• Data provided:
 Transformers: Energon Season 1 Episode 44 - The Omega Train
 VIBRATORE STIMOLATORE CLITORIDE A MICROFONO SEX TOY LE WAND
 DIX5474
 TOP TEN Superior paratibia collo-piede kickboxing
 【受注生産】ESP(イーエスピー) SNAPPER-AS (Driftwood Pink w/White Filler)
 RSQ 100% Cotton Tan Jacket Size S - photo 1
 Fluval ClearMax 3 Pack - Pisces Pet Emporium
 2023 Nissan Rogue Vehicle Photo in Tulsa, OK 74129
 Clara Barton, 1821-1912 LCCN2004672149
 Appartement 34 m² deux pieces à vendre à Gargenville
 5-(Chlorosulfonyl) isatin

• Instructions for the task: Give back every entry exactly, with nothing left out.

• Completed task:
 Transformers: Energon Season 1 Episode 44 - The Omega Train
 VIBRATORE STIMOLATORE CLITORIDE A MICROFONO SEX TOY LE WAND
 DIX5474
 TOP TEN Superior paratibia collo-piede kickboxing
 【受注生産】ESP(イーエスピー) SNAPPER-AS (Driftwood Pink w/White Filler)
 RSQ 100% Cotton Tan Jacket Size S - photo 1
 Fluval ClearMax 3 Pack - Pisces Pet Emporium
 2023 Nissan Rogue Vehicle Photo in Tulsa, OK 74129
 Clara Barton, 1821-1912 LCCN2004672149
 Appartement 34 m² deux pieces à vendre à Gargenville
 5-(Chlorosulfonyl) isatin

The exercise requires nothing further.